___ Extracted records ___

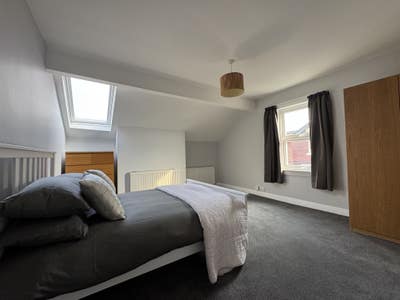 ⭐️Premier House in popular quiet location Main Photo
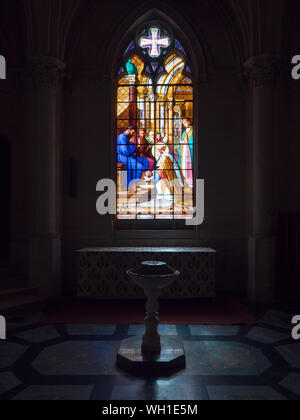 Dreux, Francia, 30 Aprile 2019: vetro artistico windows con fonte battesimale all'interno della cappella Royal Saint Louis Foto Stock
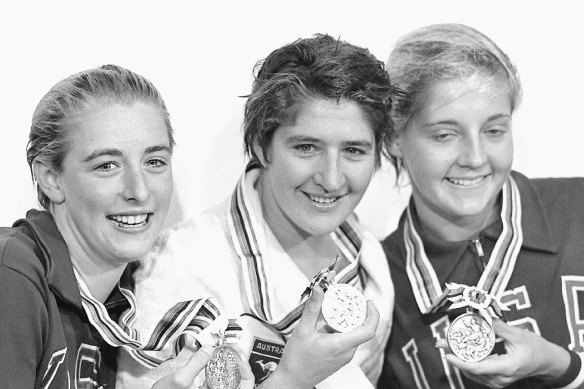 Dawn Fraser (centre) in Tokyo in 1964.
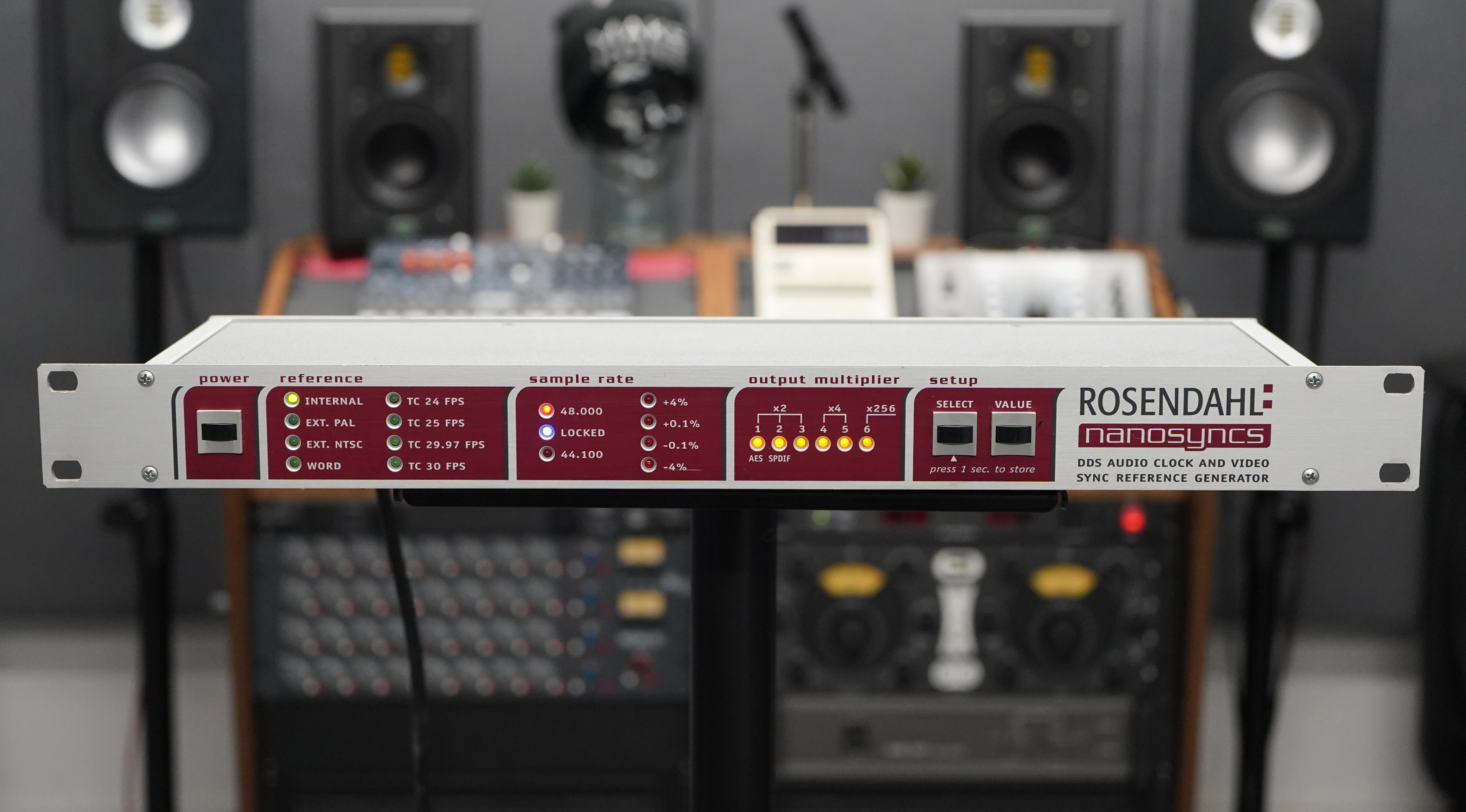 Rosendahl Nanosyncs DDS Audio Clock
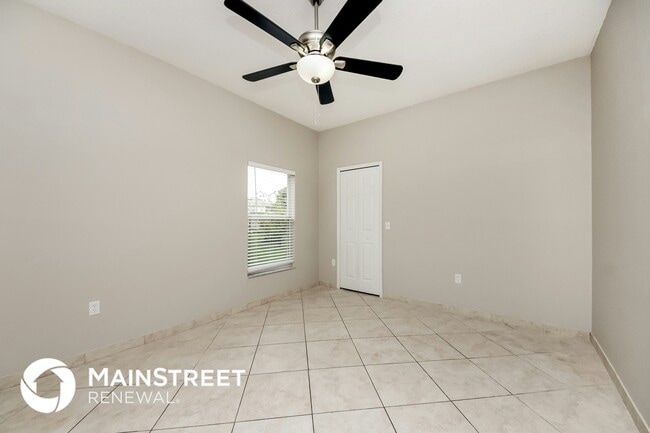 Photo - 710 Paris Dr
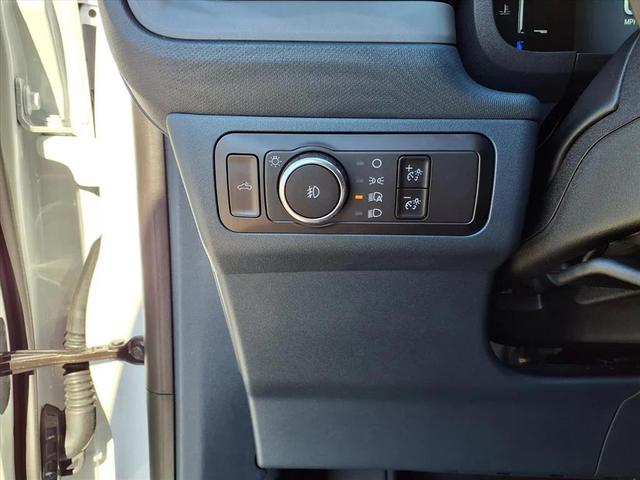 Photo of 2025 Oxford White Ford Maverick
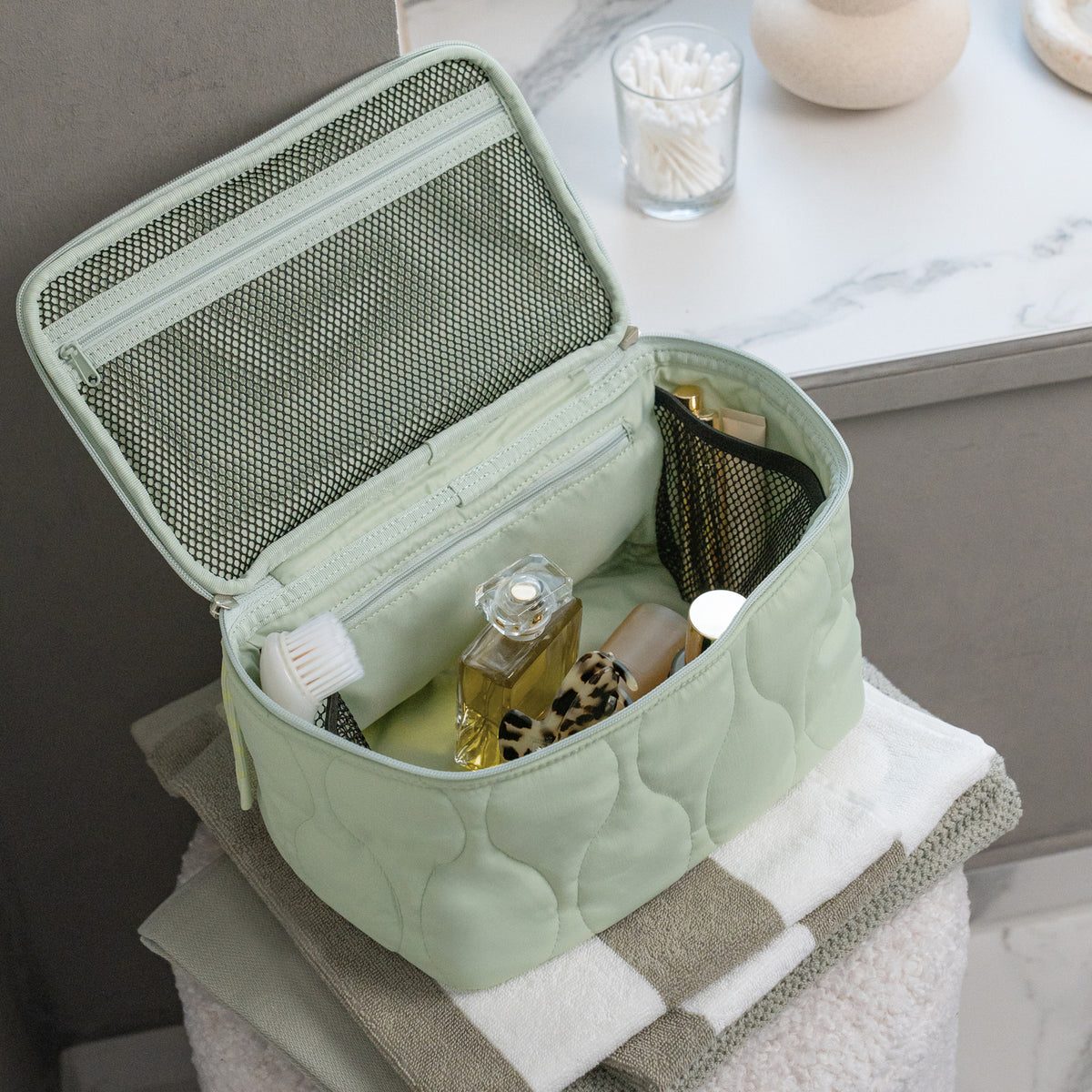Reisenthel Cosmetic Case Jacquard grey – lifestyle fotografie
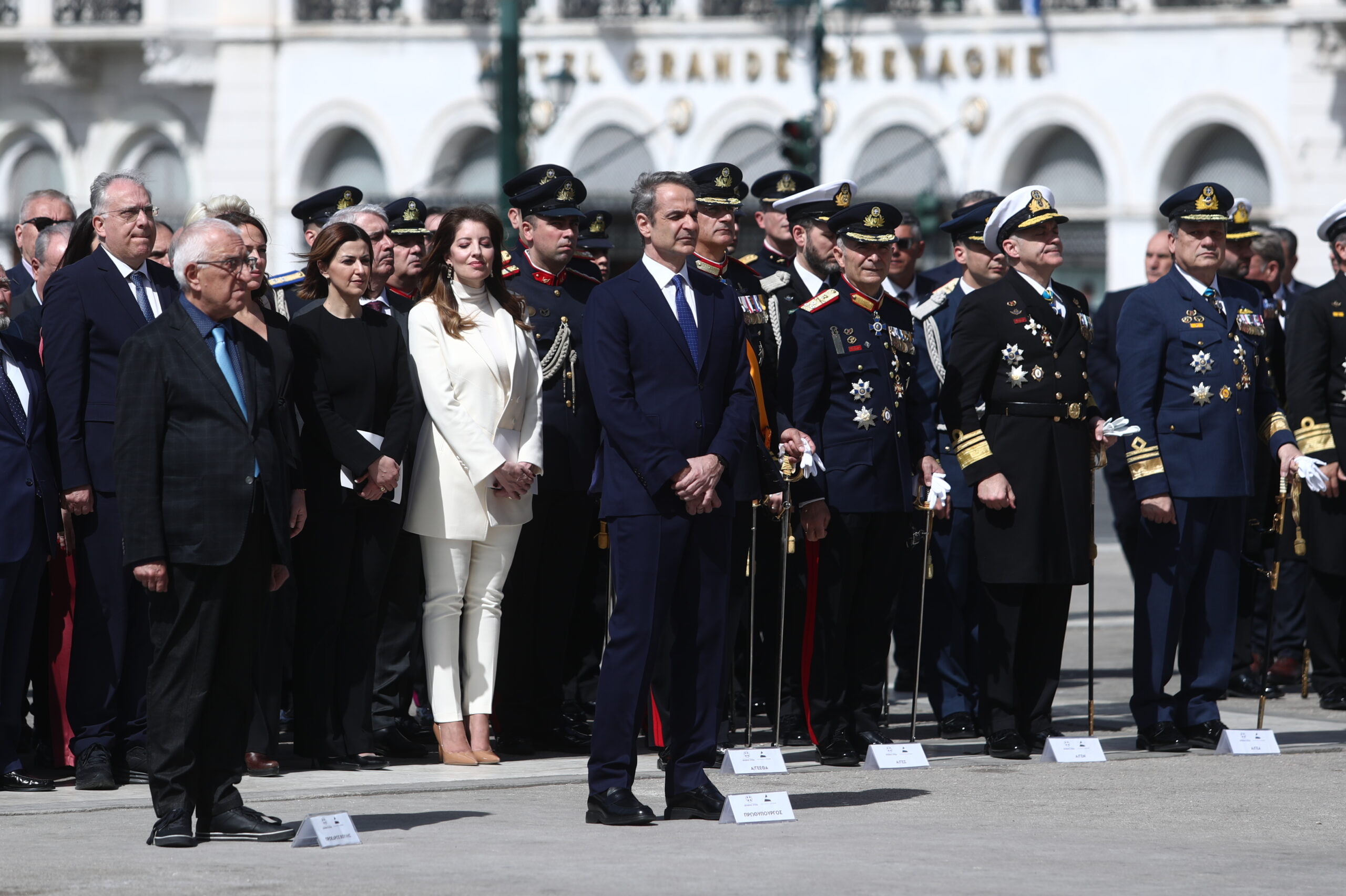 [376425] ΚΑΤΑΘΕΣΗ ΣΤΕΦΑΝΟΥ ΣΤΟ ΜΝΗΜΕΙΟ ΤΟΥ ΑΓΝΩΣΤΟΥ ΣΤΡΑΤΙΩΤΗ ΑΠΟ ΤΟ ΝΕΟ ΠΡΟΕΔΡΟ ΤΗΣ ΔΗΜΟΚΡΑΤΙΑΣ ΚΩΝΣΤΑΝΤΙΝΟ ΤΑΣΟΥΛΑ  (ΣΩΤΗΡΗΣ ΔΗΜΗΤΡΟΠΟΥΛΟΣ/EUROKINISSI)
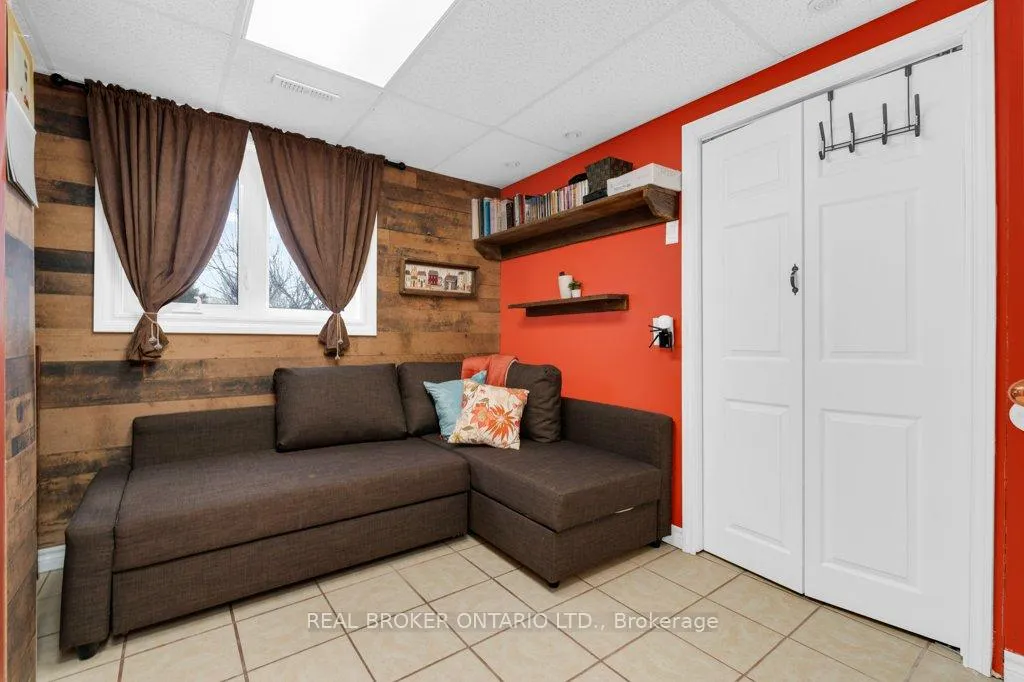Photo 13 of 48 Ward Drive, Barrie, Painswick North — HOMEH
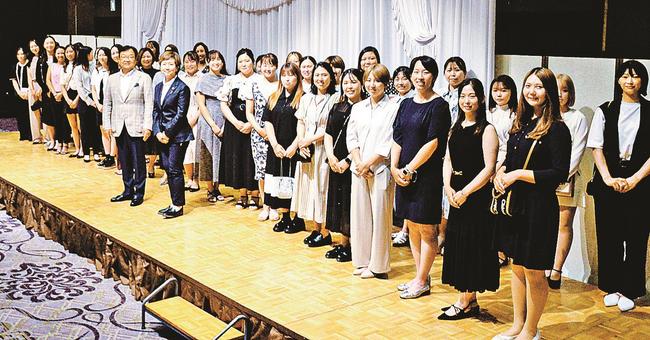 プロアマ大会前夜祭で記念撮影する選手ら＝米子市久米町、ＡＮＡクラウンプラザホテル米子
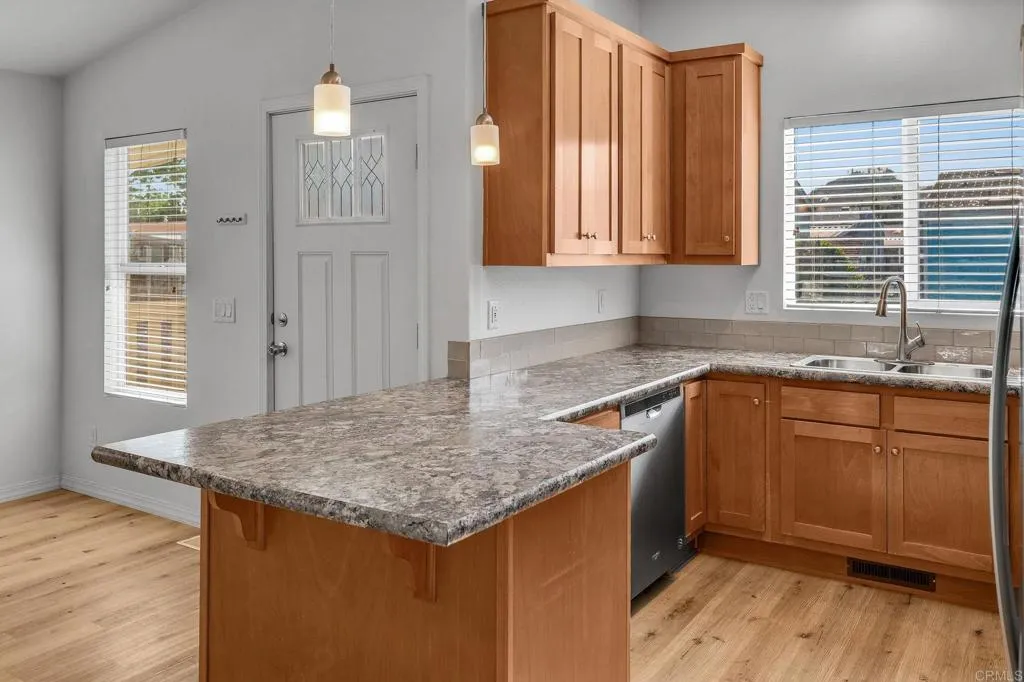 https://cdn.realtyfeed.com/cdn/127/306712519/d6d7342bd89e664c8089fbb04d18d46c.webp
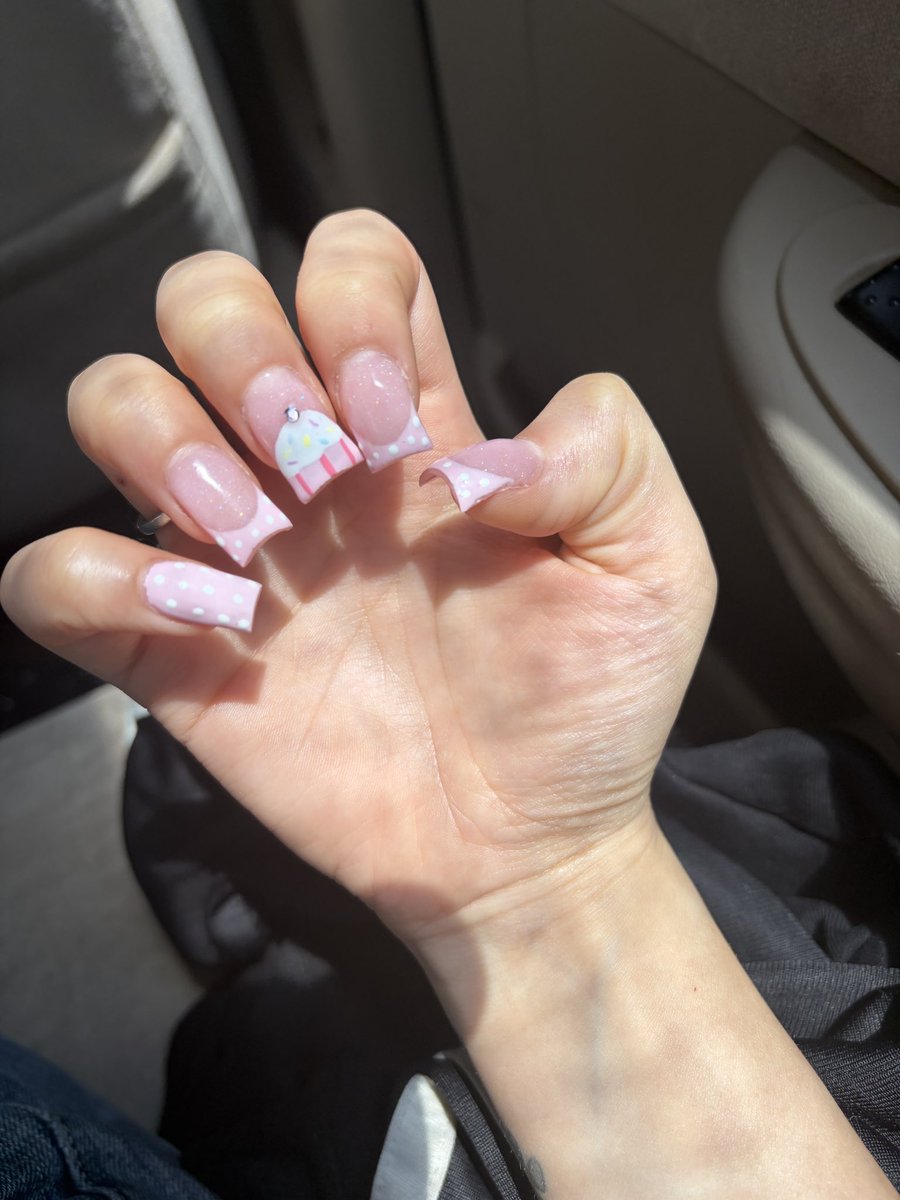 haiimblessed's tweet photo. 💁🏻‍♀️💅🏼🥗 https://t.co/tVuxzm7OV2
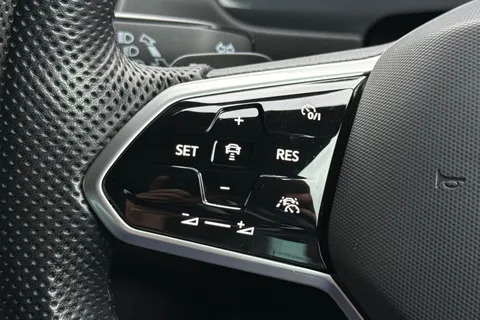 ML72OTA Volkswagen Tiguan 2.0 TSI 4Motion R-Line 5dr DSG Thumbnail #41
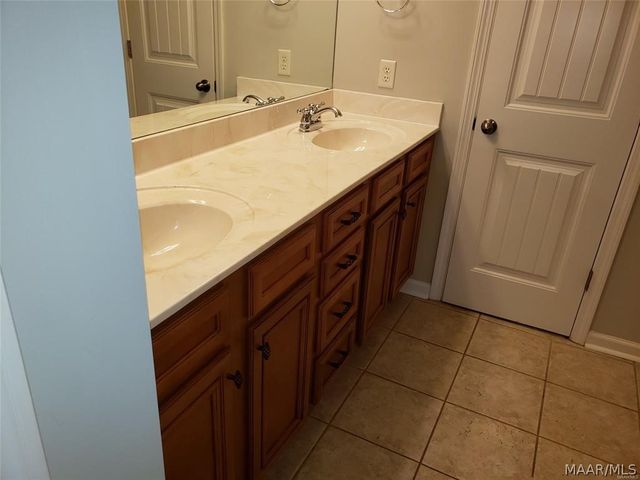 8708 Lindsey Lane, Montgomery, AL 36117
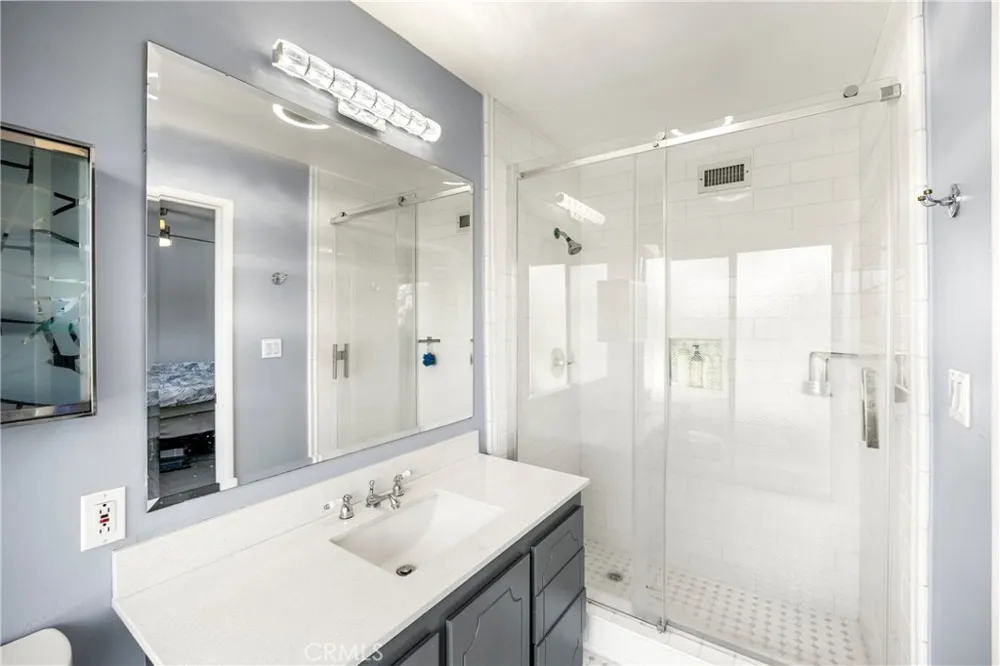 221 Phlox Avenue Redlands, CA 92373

___

Work instruction: Once more, give the listing above exactly, leaving each picture out.

Result of the exercise:
 ⭐️Premier House in popular quiet location Main Photo
 Dreux, Francia, 30 Aprile 2019: vetro artistico windows con fonte battesimale all'interno della cappella Royal Saint Louis Foto Stock
 Dawn Fraser (centre) in Tokyo in 1964.
 Rosendahl Nanosyncs DDS Audio Clock
 Photo - 710 Paris Dr
 Photo of 2025 Oxford White Ford Maverick
Reisenthel Cosmetic Case Jacquard grey – lifestyle fotografie
 [376425] ΚΑΤΑΘΕΣΗ ΣΤΕΦΑΝΟΥ ΣΤΟ ΜΝΗΜΕΙΟ ΤΟΥ ΑΓΝΩΣΤΟΥ ΣΤΡΑΤΙΩΤΗ ΑΠΟ ΤΟ ΝΕΟ ΠΡΟΕΔΡΟ ΤΗΣ ΔΗΜΟΚΡΑΤΙΑΣ ΚΩΝΣΤΑΝΤΙΝΟ ΤΑΣΟΥΛΑ  (ΣΩΤΗΡΗΣ ΔΗΜΗΤΡΟΠΟΥΛΟΣ/EUROKINISSI)
Photo 13 of 48 Ward Drive, Barrie, Painswick North — HOMEH
 プロアマ大会前夜祭で記念撮影する選手ら＝米子市久米町、ＡＮＡクラウンプラザホテル米子
 https://cdn.realtyfeed.com/cdn/127/306712519/d6d7342bd89e664c8089fbb04d18d46c.webp
 haiimblessed's tweet photo. 💁🏻‍♀️💅🏼🥗 https://t.co/tVuxzm7OV2
 ML72OTA Volkswagen Tiguan 2.0 TSI 4Motion R-Line 5dr DSG Thumbnail #41
 8708 Lindsey Lane, Montgomery, AL 36117
 221 Phlox Avenue Redlands, CA 92373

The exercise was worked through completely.